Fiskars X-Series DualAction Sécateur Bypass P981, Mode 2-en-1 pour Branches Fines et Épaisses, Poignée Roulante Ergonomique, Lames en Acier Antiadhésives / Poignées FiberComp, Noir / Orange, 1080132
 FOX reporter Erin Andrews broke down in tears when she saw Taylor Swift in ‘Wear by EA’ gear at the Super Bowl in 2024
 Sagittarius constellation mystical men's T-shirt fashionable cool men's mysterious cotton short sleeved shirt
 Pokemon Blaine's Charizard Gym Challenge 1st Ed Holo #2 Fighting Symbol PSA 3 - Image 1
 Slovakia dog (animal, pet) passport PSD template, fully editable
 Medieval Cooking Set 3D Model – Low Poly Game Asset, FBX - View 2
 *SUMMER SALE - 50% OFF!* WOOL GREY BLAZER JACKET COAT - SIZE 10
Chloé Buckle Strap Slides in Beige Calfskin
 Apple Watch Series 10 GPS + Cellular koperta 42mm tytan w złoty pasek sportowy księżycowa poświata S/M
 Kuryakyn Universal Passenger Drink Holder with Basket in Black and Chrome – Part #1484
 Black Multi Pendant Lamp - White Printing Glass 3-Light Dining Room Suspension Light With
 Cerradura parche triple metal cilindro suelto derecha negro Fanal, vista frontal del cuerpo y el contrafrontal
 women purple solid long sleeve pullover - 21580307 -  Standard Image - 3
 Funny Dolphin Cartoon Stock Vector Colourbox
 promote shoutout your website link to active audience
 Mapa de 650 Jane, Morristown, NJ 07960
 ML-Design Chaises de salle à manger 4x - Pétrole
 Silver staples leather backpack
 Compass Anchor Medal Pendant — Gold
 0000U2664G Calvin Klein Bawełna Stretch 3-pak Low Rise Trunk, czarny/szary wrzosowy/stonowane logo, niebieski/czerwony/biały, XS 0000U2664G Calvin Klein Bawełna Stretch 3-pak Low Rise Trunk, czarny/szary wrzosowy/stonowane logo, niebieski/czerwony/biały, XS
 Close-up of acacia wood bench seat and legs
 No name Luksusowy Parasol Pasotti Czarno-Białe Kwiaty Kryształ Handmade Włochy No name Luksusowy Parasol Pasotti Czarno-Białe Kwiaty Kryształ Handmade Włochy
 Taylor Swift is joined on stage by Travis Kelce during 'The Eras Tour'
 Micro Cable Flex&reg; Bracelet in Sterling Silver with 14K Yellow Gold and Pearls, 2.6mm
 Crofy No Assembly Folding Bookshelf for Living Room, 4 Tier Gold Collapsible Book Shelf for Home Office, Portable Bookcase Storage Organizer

____________________

**Task to carry out:**
Using the listing above, work out the number of lines that include "Image". The reply is that number alone.

**Written answer:**
2